Provost David Kertzer, left, and IBM Vice President Nicholas Bowen officially set the two-year pilot program in motion. Credit: John Abromowski / Brown University

Brown–IBM agreement will bring high-powered computing to bear on statewide issues

The memorandum of understanding signed on May 14 will stimulate and enhance collaborative research within the University and across the state.
By TAB staff  |  May 14, 2009  |  Email to a friend

Brown University and computing giant IBM have signed an agreement that will start a two-year pilot program to bring a new generation of high-performance computing to Brown and to Rhode Island. The arrangement should greatly enhance statewide research and collaboration, capitalize on interdisciplinary work, and increase funding opportunities for major research initiatives.

At a ceremony on Thursday, May 14, in University Hall, Brown Provost David Kertzer and Nicholas Bowen, vice president of technology at IBM, signed a memorandum of understanding between the University and IBM.  Lt. Gov. Elizabeth Roberts, Providence Mayor David Cicilline, and numerous stakeholders attended.

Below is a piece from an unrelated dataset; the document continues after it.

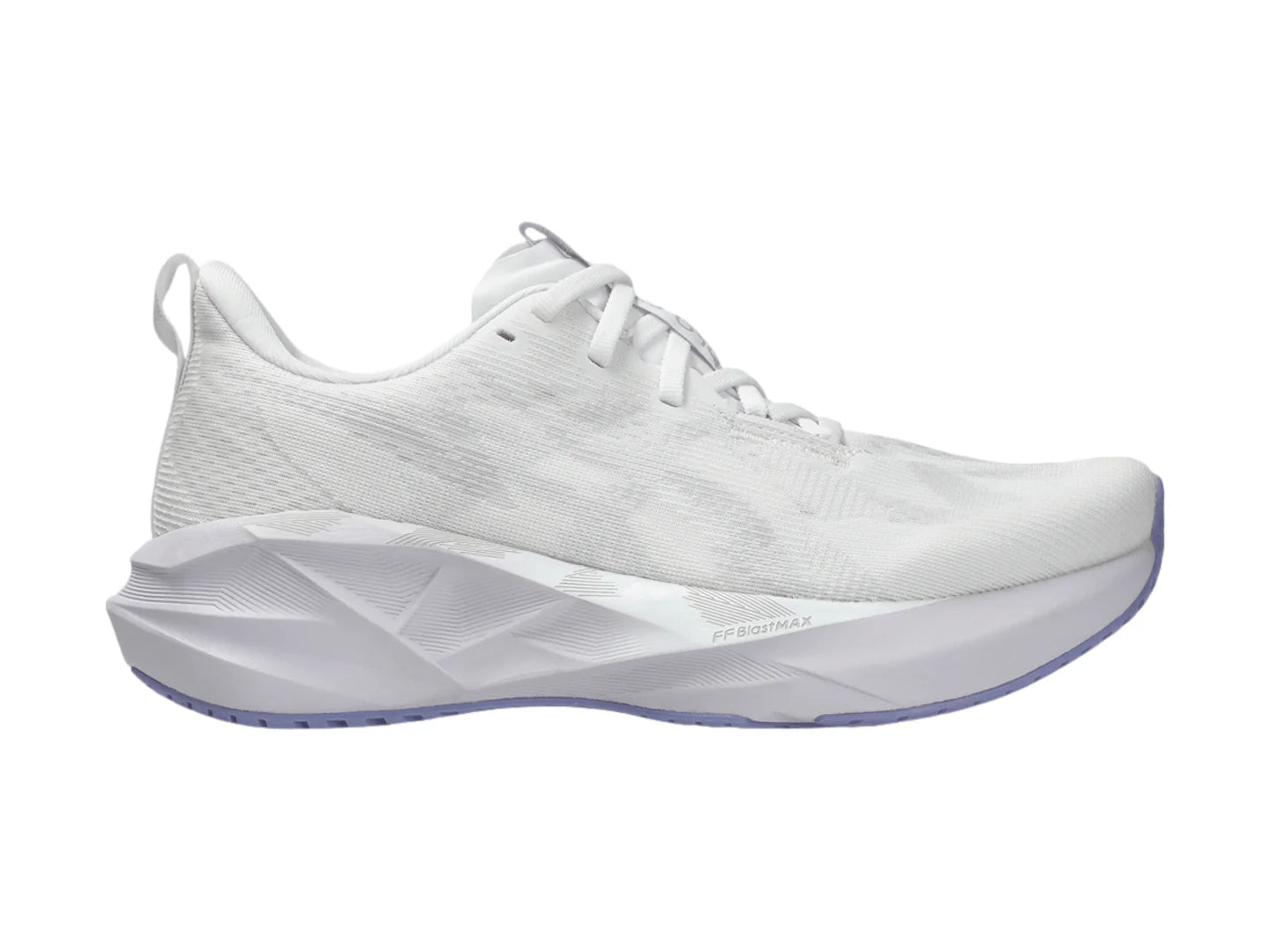 Tenis Asics 12B765 Para Mujer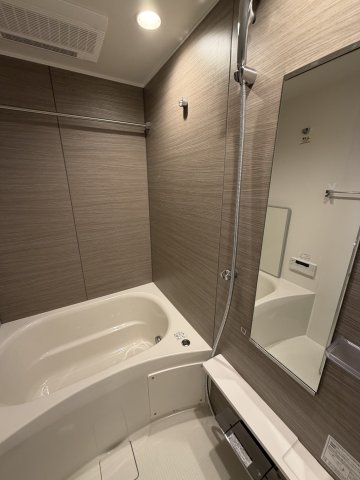 リテラス川崎ウエスト316号室 ※318号室のお写真です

The MOU calls for Brown and IBM to involve government, universities, schools, hospitals, non-profit corporations, businesses, and other partners to address “grand challenges” in Rhode Island, such as health care, energy, the environment, and education. Meeting those challenges through a statewide collaboration “could be a defining moment in the rebirth of the [Rhode Island] economy,” Roberts, a Brown alumna, said.

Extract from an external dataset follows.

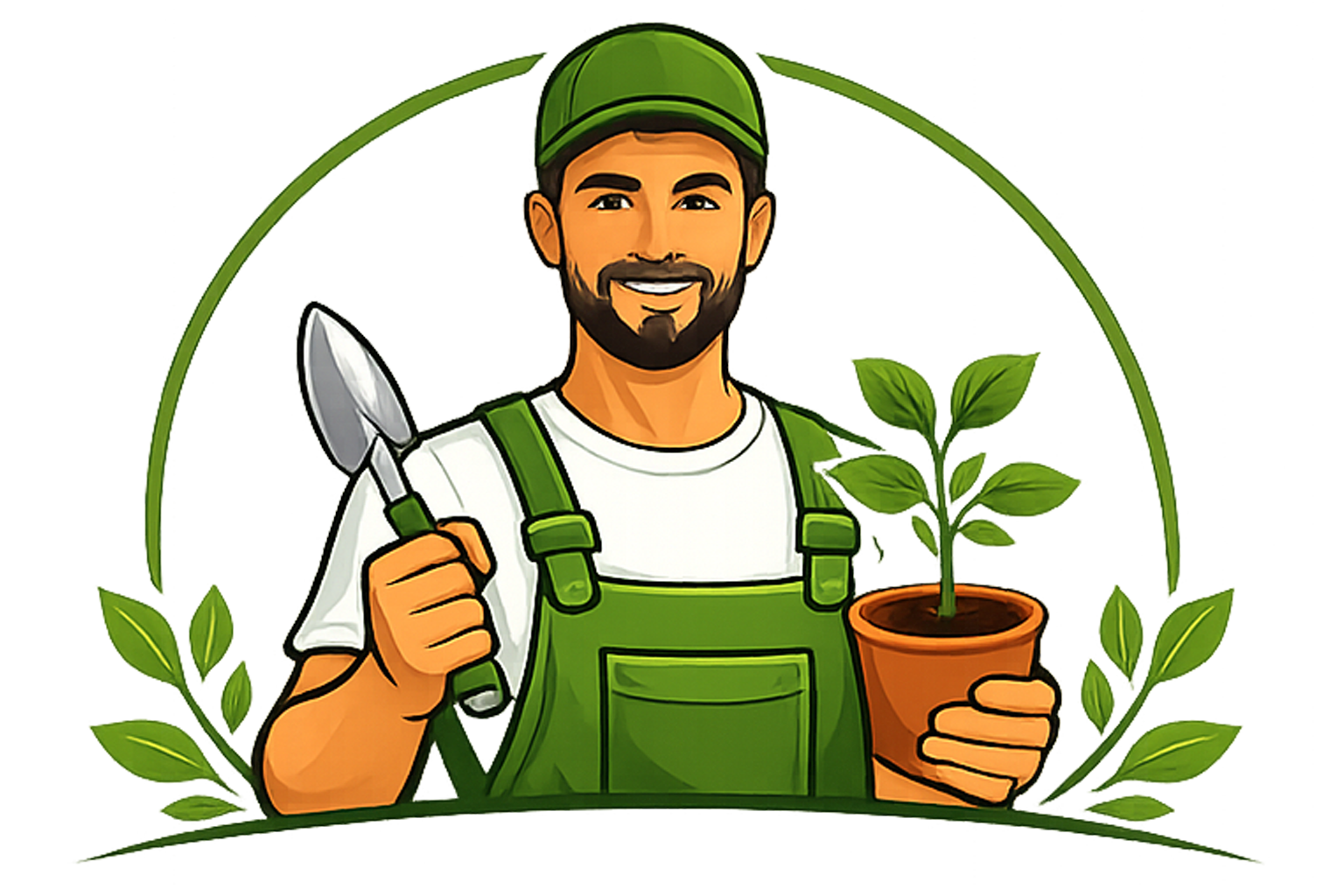 Jardinier-Expert.be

“High performance computing will be the backbone of many major research activities,” said Clyde Briant, vice president for research at Brown. “It’s changing the nature of research, where it’s driven by the ability to integrate, mine, and interrogate large sets of data in real time. This [agreement] cuts across the life sciences, physical sciences, humanities, and social sciences.”

While more talks will be held to expand the partnership’s dimensions, Kertzer said the agreement would create “new heights of collaboration” between Brown and IBM. Research projects that require major computational horsepower will be able to be executed on campus, rather than having to be done elsewhere as has been the case until now. That aspect of the Brown-IBM relationship addresses a concern that has been frequently raised by Brown faculty.

IBM’s Bowen hailed the agreement as a crucial rearrangement of how information technology is used and shared. “I think there are sets of problems emerging in the world where we can bring IT together to solve these problems,” he said. “To do it, you need a fundamentally new relationship between government, industry, and universities.”